Plenary Sessions Preview

David Baxter

Monday 26 April

1. Plenary AP.1 – Carbon Storage and Climate

EUBCE starts with an overview of the growing need to understand the capacity of our living environment to accommodate ever increasing carbon emissions, particularly regarding carbon capture and storage.

Modelling is key in the determination of the Earth’s capacity to sequester CO2 emitted by human activity. There are many models and six versions of four key examples are presented and discussed in the plenary by Holm et al. It has been identified that Earth System Models (ESMs) need to be improved by inclusion of plant demography and the dynamics of vegetation to more realistically represent plant ecology and the processes that govern carbon-climate feedbacks. It is reported that the Earth’s intact tropical forests provide for roughly half of the global net terrestrial sink. Forest recovery processes after human induced clearcutting are important for climate stability and are difficult to monitor, so the authors describe remote sensing techniques as a way of obtaining reliable data for subsequent modelling.
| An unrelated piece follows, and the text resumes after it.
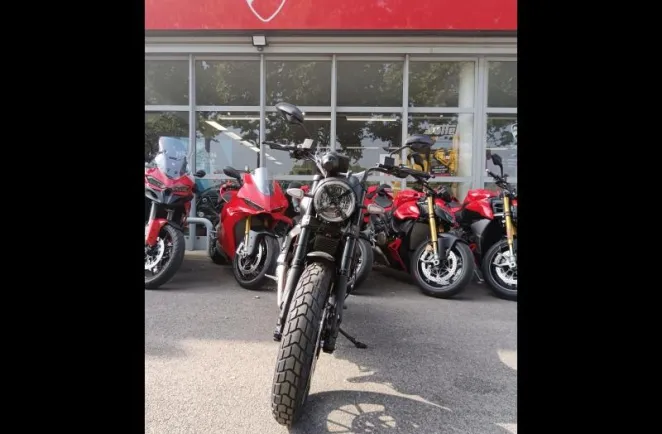 DUCATI Scrambler 800 Icon Dark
Given the limited capacity of the human-affected natural system of the earth to sequester CO2, negative emission technologies (NETs), and specifically bioenergy with carbon capture and storage (BECCS) are attracting increasing attention.
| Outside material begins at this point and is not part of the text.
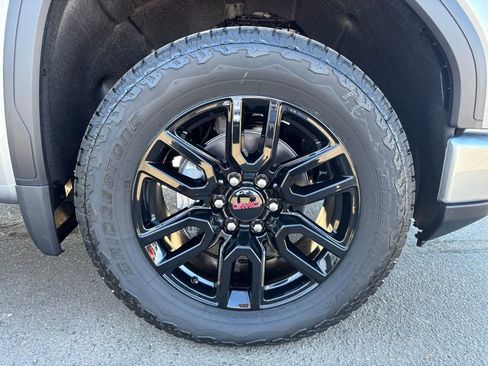 New 2026 GMC Sierra 1500 Elevation w/ Elevation Premium Package AWD/4WD image 32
Work presented by Almena-Ruiz et al. considers the individual impact associated to land use change, biomass production and harvesting, feedstock pre-treatment and conversion process, together with the emissions caused by biomass handling and transportation between the supply chain stages, all of which impact on the net-negative potential frequently presumed for BECCS. Two case studies illustrate that BECCS systems can achieve high carbon capture efficiencies of 87% to 94% allowing substantial reduction of GHG emissions-per-capita.

In an extension of BECCS, the plenary presented by Menin et al. looks at the benefits of integration of the potentially very high conversion efficiency processes of syngas biomethanation and power-to-gas within the BECCS concept, and how selection of specific technologies for individual process steps influence both overall process efficiency and resulting economic performance. The work involved techno-economic modelling and field data from Italy and Denmark to indicate costs for five operating modes.

Monday 26 April

2. Plenary AP.2 - Circular Economy and Biochar

For this plenary session two strategic approaches to reduce global warming on a large scale are presented.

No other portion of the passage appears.